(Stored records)
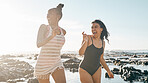 Laughing women, swimwear and running by sea, ocean or beach water on happy summer, comic holiday or bonding travel. Black people, women and friends in swimsuit for freedom, swimming or funny games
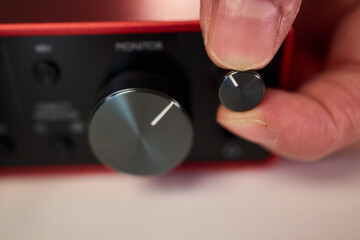 Adjusting audio controls, Precise handling of control knobs on audio equipment during setup, Fingers align control dials on audio interface for optimal sound calibration © Евгений Вершинин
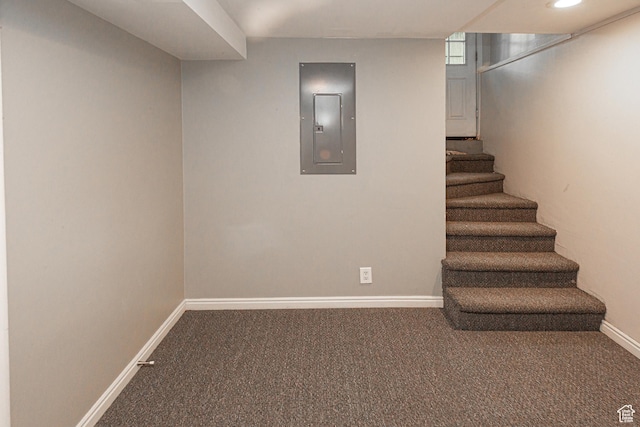 2848 S 500 E, South Salt Lake, UT 84106 - finished below grade area featuring electric panel, carpet, baseboards, and stairs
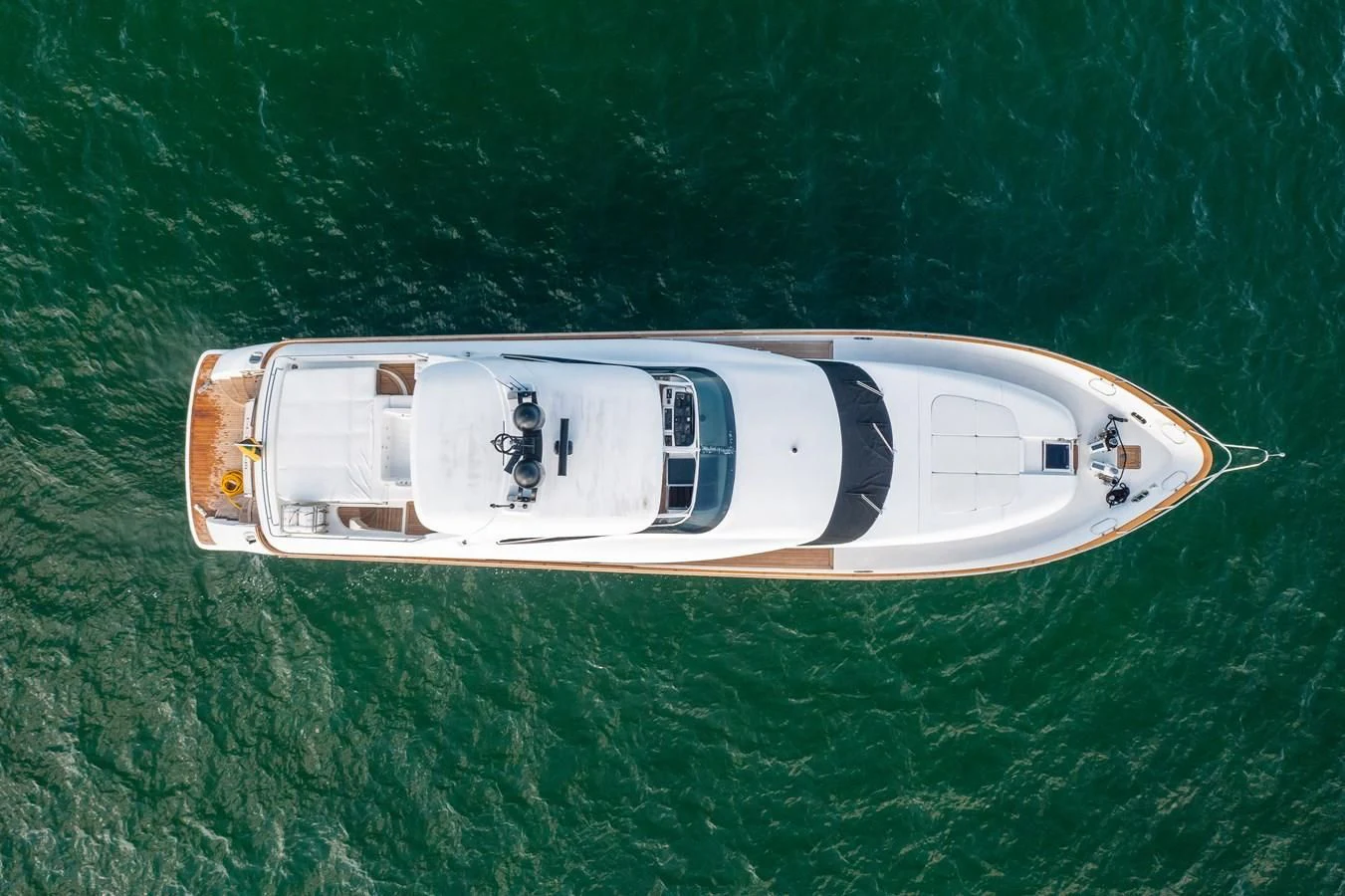 a white and gold boat on green water aboard DOMINIC Yacht for Sale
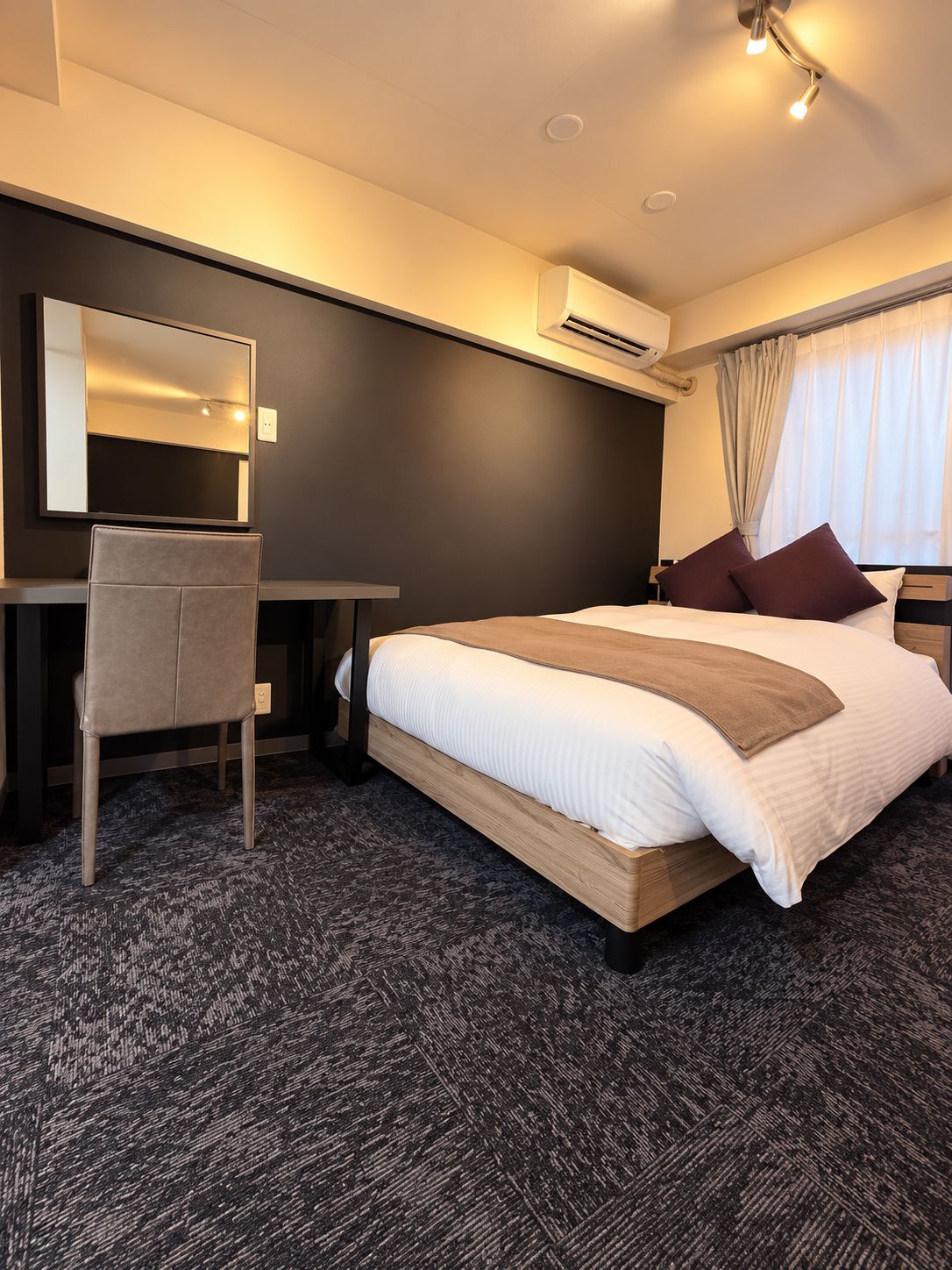 A hotel room with a bed, a desk, a chair, an air conditioning unit, and a window with curtains.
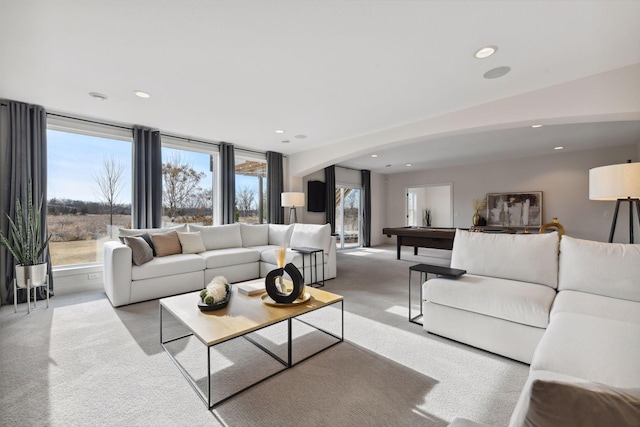 living room featuring light colored carpet and plenty of natural light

What you will do: Please return, without any change, the lines from the line containing "2848 S 500 E, South" through the last line of the entries, dropping the pictures.

Result of the exercise:
 2848 S 500 E, South Salt Lake, UT 84106 - finished below grade area featuring electric panel, carpet, baseboards, and stairs
 a white and gold boat on green water aboard DOMINIC Yacht for Sale
 A hotel room with a bed, a desk, a chair, an air conditioning unit, and a window with curtains.
 living room featuring light colored carpet and plenty of natural light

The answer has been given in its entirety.